*** Opening Materials provided ***
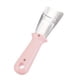 thumbnail image 1 of 1pc Refrigerator Ice Remover Shovel Ice Cube, Freezer Stainless Steel Ice Remover Shovel, Ice Shovel Defrost Shovel, 1 of 5
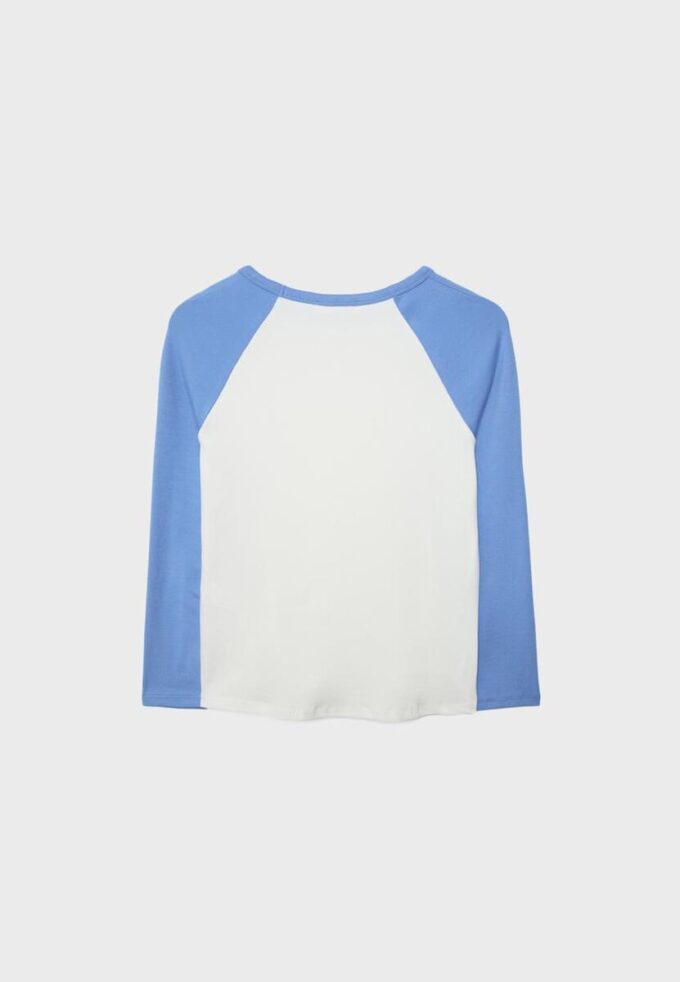 Baseball-T-Shirt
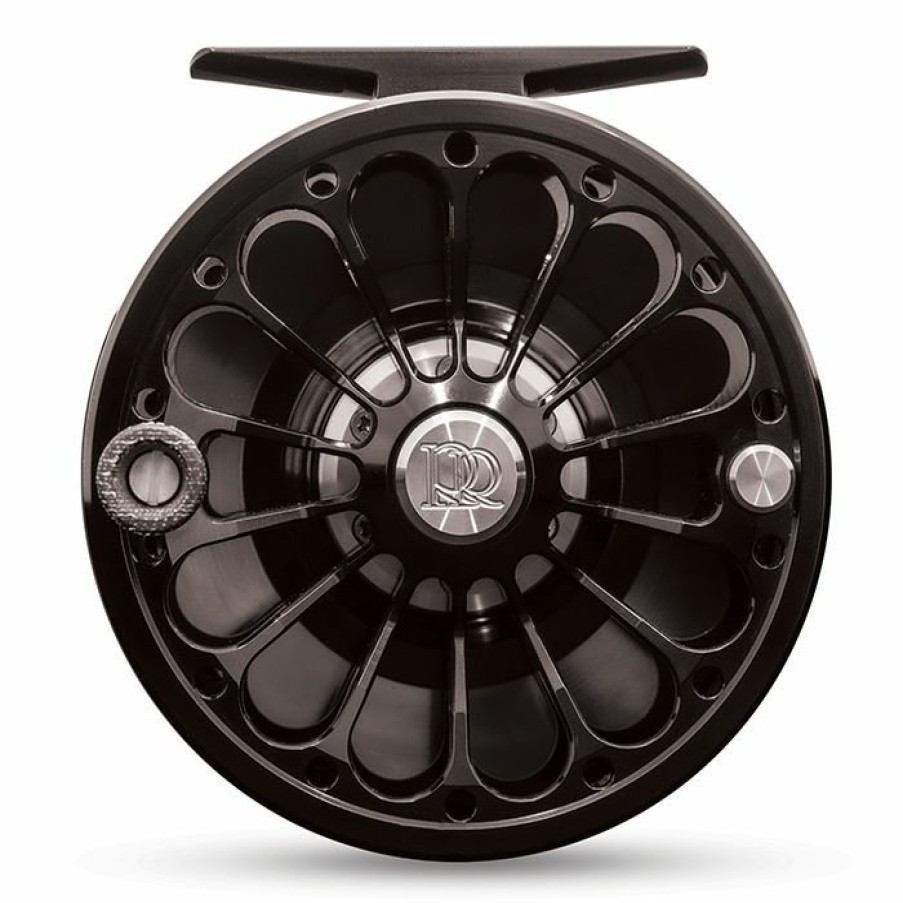 Reels Airflo | San Miguel 5/6 Reel - Black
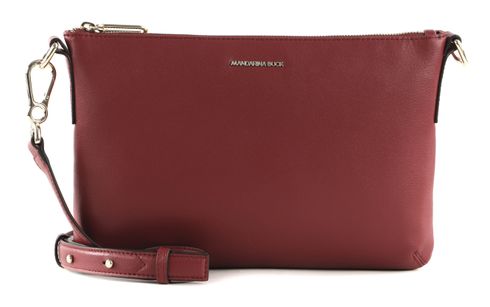 MANDARINA DUCK Luna Pochette Rhubarb
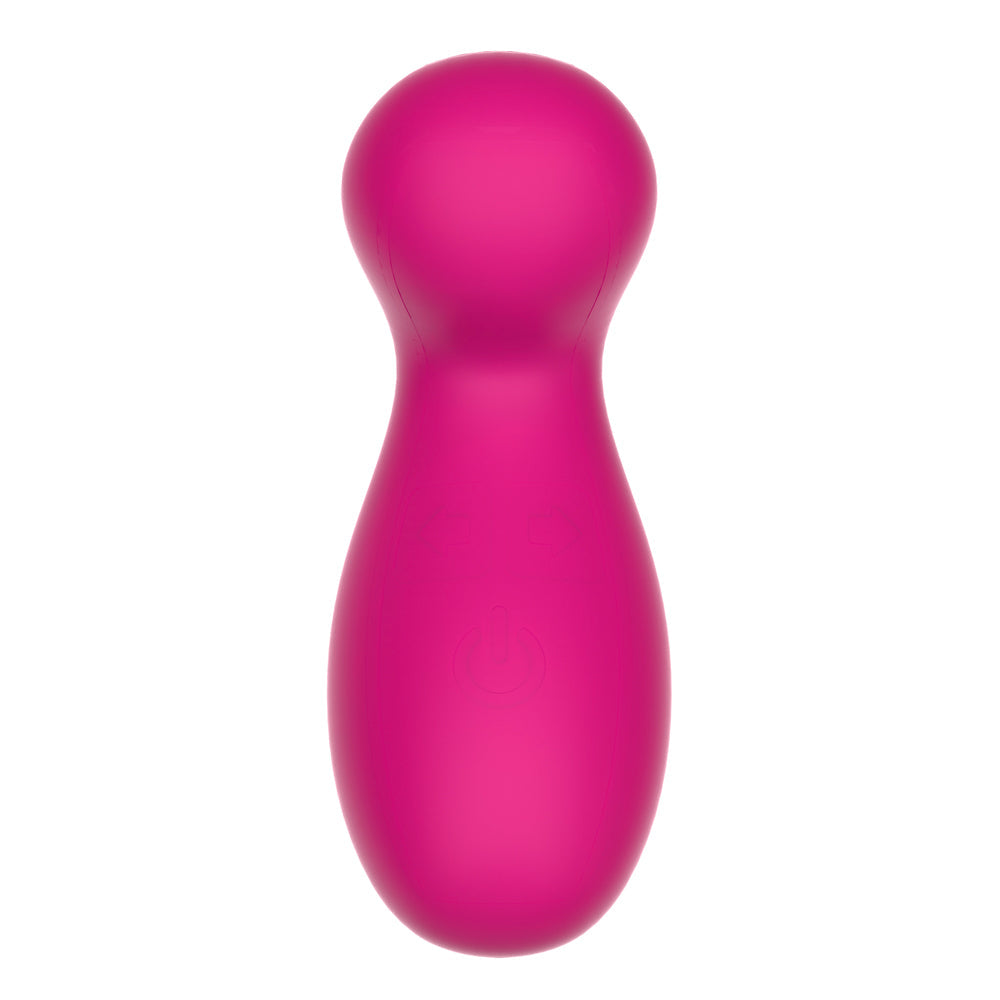 Vibrators, Sex Toy Kits and Sex Toys at Cloud9Adults - Kiiroo Cliona Interactive Clitoral Massager - Buy Sex Toys Online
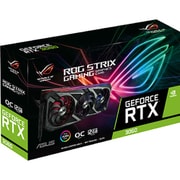 ビデオカード ROG-STRIX-RTX3060-O12G-GAMING
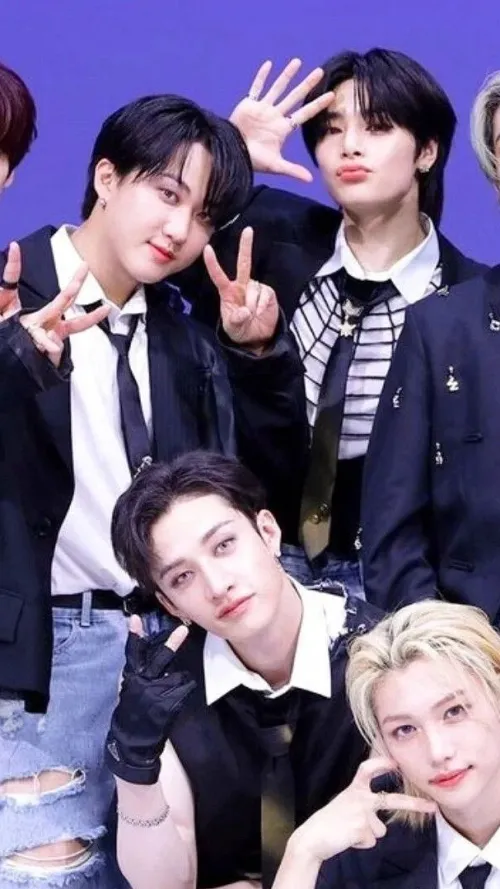 Stray Kids: The Deal
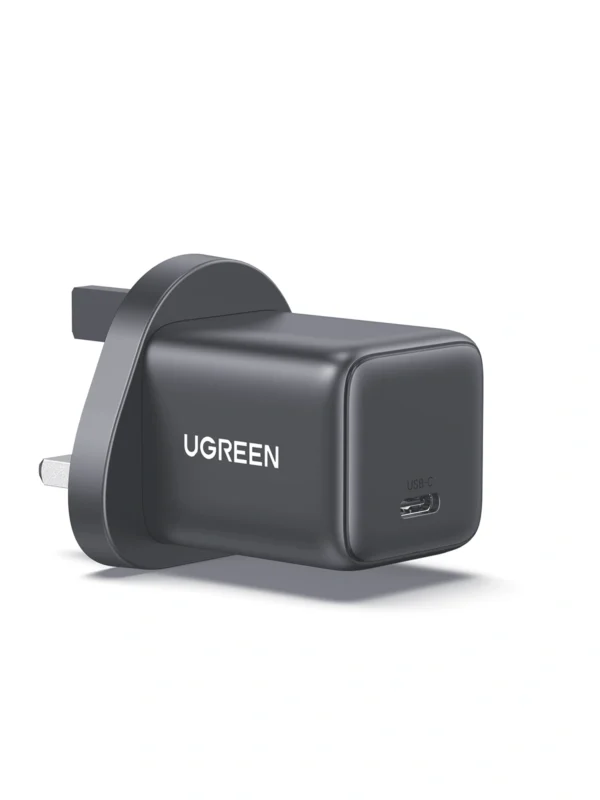 UGREEN X513 30W Type-C GaN Fast Charger - Image 1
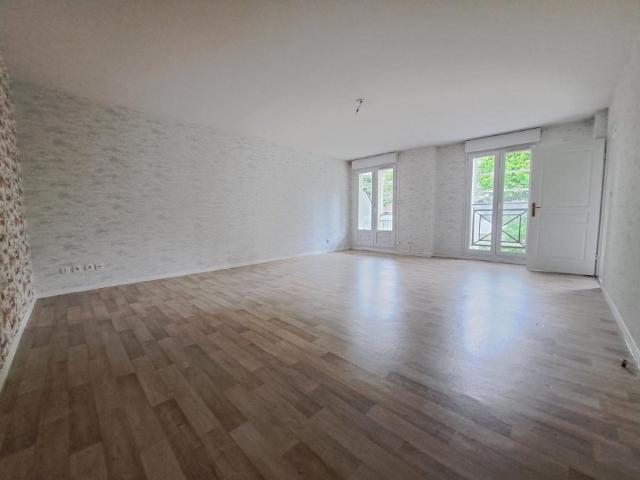 Appartement location à Douai, Nord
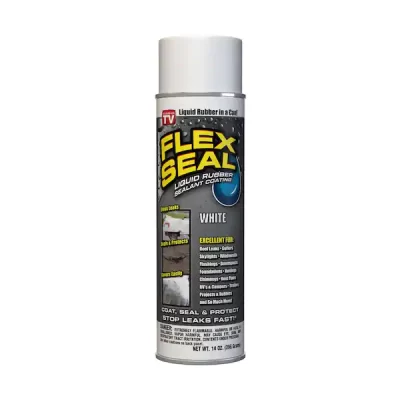 FLEX SEAL CLEAR  SEALANT COATING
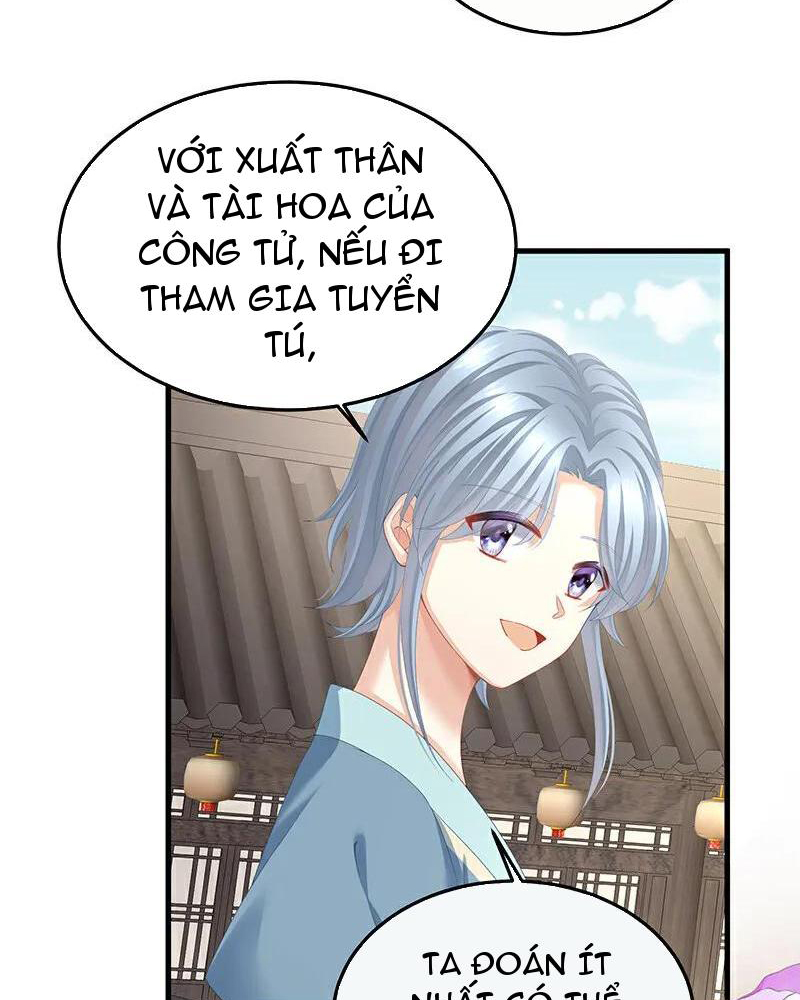 hậu cung của nữ đế - mùa 2 chapter 2 2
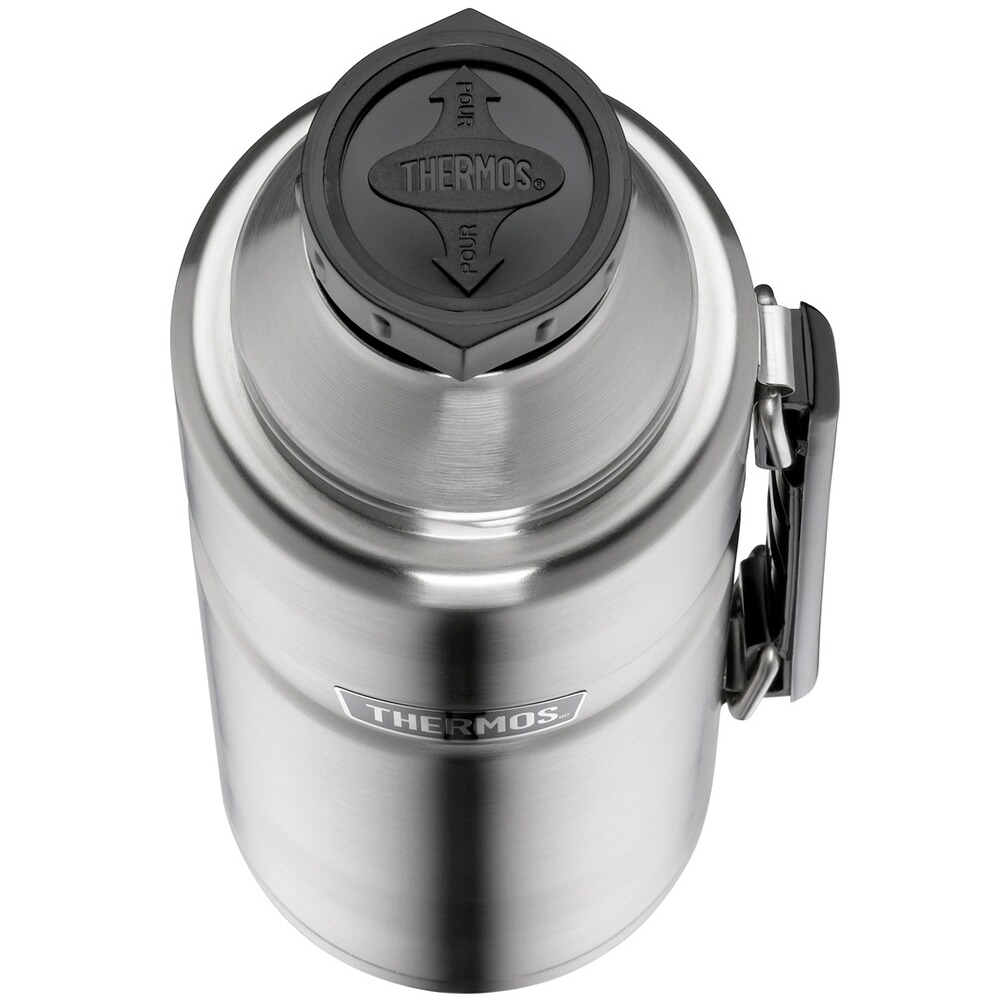 Bouteille isotherme Stainless King 1,2l, Thermos
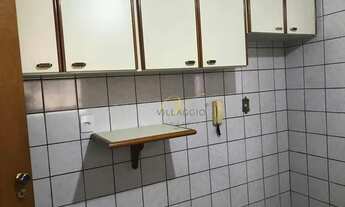 Imagem 6: Apartamento com 2 dormitórios para alugar, 84 m² por R$ 1.260/mês - Vila Itália - São José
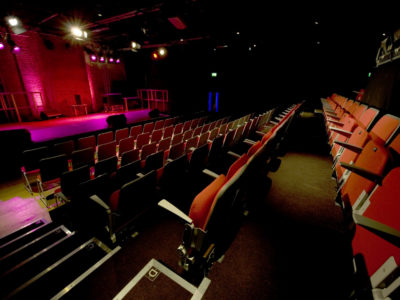 Studio Theatre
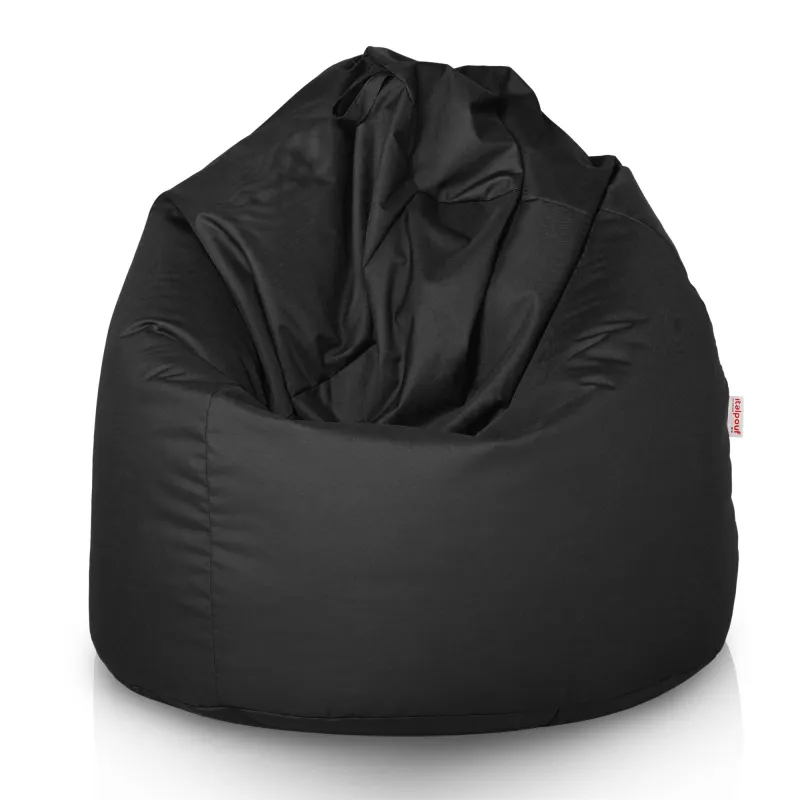 Poltrona Pouf Sacco XXL per adulti Gigante - Outdoor Pro per esterno Impermeabile – vista 21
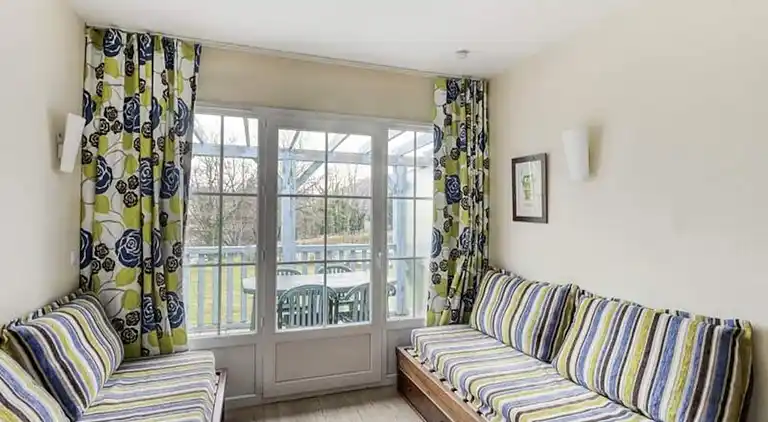 Ferienwohnung in Argentat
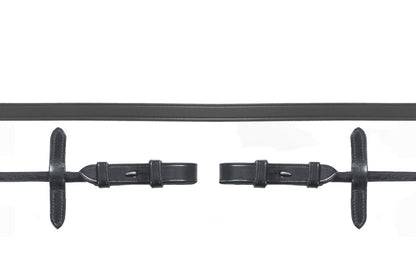 Schockemohle Double Bridle Reins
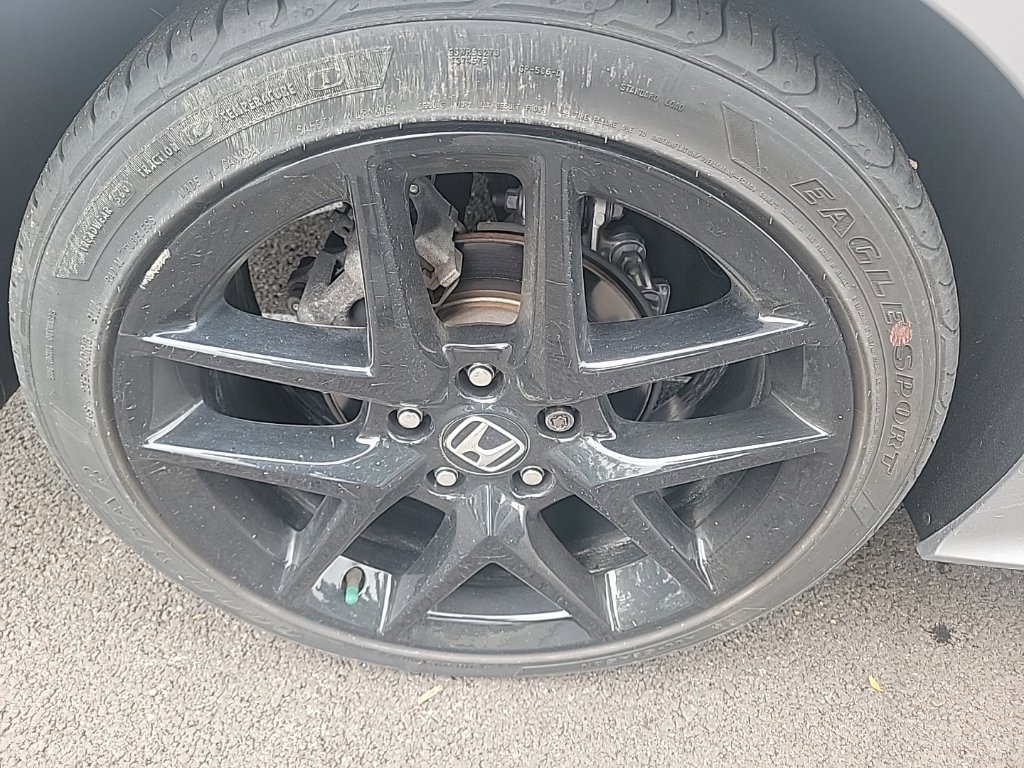 Used 2024 Honda Civic Sport image 14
*** Closing Materials provided ***
**Work instruction**
Return the entries above exactly, skipping any images.

**Task response**
 thumbnail image 1 of 1pc Refrigerator Ice Remover Shovel Ice Cube, Freezer Stainless Steel Ice Remover Shovel, Ice Shovel Defrost Shovel, 1 of 5
 Baseball-T-Shirt
 Reels Airflo | San Miguel 5/6 Reel - Black
 MANDARINA DUCK Luna Pochette Rhubarb
 Vibrators, Sex Toy Kits and Sex Toys at Cloud9Adults - Kiiroo Cliona Interactive Clitoral Massager - Buy Sex Toys Online
 ビデオカード ROG-STRIX-RTX3060-O12G-GAMING
 Stray Kids: The Deal
 UGREEN X513 30W Type-C GaN Fast Charger - Image 1
 Appartement location à Douai, Nord
 FLEX SEAL CLEAR  SEALANT COATING
 hậu cung của nữ đế - mùa 2 chapter 2 2
 Bouteille isotherme Stainless King 1,2l, Thermos
 Imagem 6: Apartamento com 2 dormitórios para alugar, 84 m² por R$ 1.260/mês - Vila Itália - São José
 Studio Theatre
 Poltrona Pouf Sacco XXL per adulti Gigante - Outdoor Pro per esterno Impermeabile – vista 21
 Ferienwohnung in Argentat
 Schockemohle Double Bridle Reins
 Used 2024 Honda Civic Sport image 14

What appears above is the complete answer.